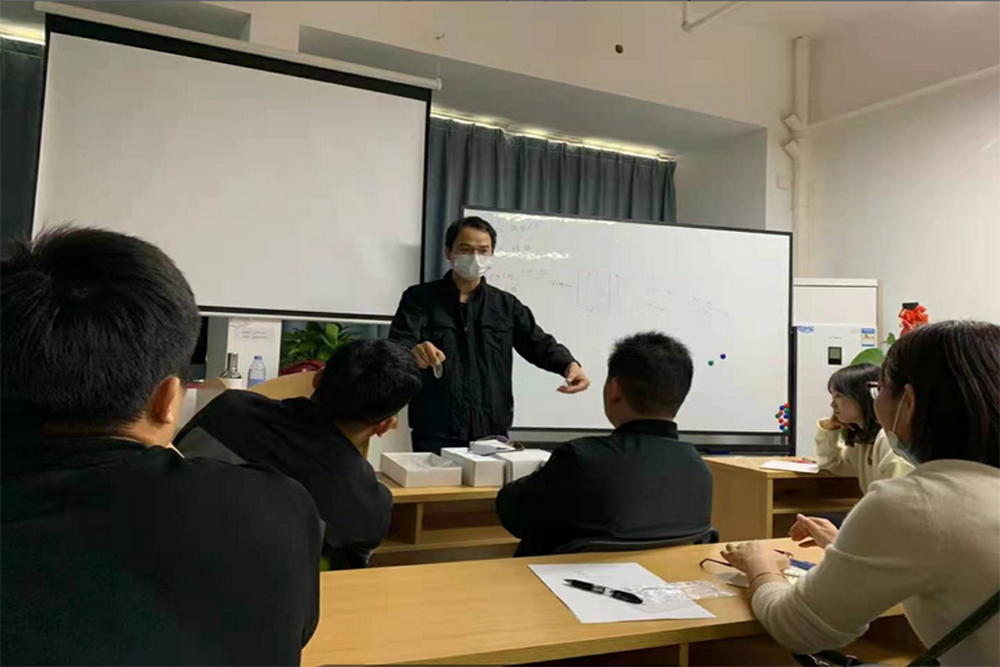 教师示范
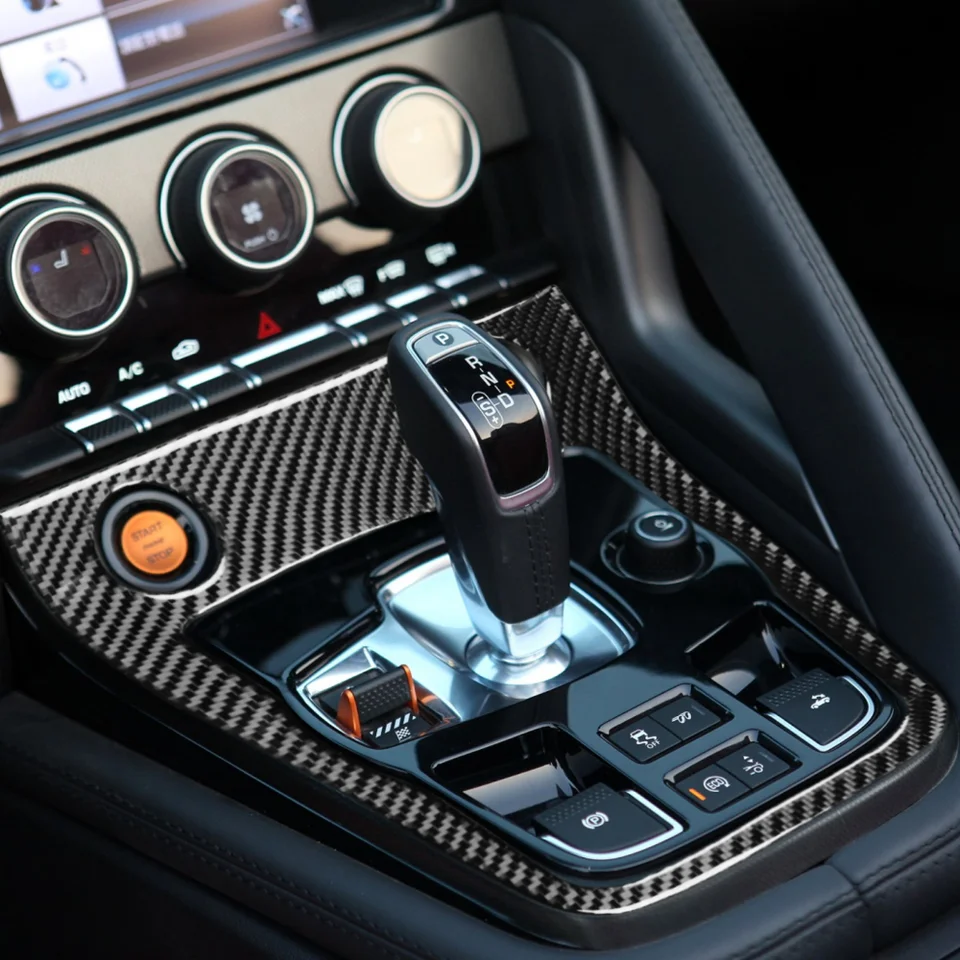 Jaguar S Type 1999-2002 Console Centrale Panneau Garniture Supérieur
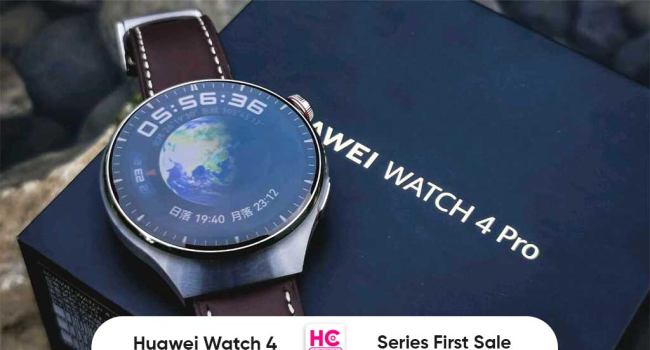 Huawei launches the world's first smartwatch that can measure blood sugar levels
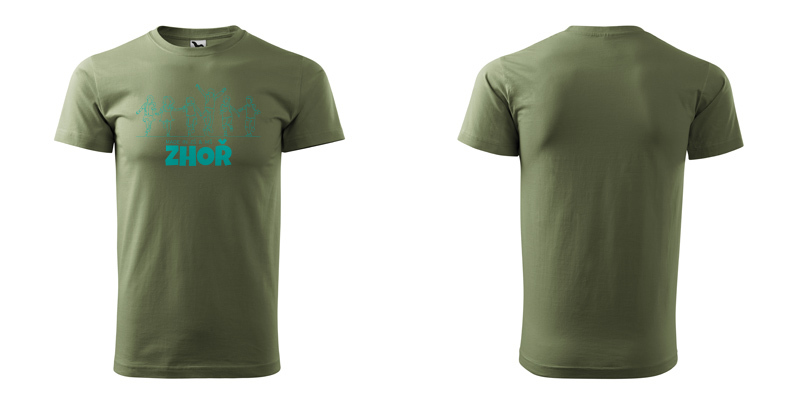 Náhled trika s potiskem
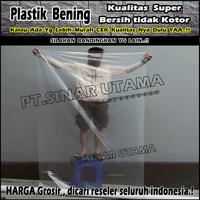 Gambar Plastik Bening Cor Lebar 3 meter Tutup Bangunan Roll Meteran Y - Lebar 3 meter dari Toko.Sinar.Utama undefined 5 Tokopedia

> [Problem requirements]:
Pictures are to be left out; the listing above is otherwise to be copied exactly.

> [Answer section]:
 教师示范
 Jaguar S Type 1999-2002 Console Centrale Panneau Garniture Supérieur
 Huawei launches the world's first smartwatch that can measure blood sugar levels
 Náhled trika s potiskem
 Gambar Plastik Bening Cor Lebar 3 meter Tutup Bangunan Roll Meteran Y - Lebar 3 meter dari Toko.Sinar.Utama undefined 5 Tokopedia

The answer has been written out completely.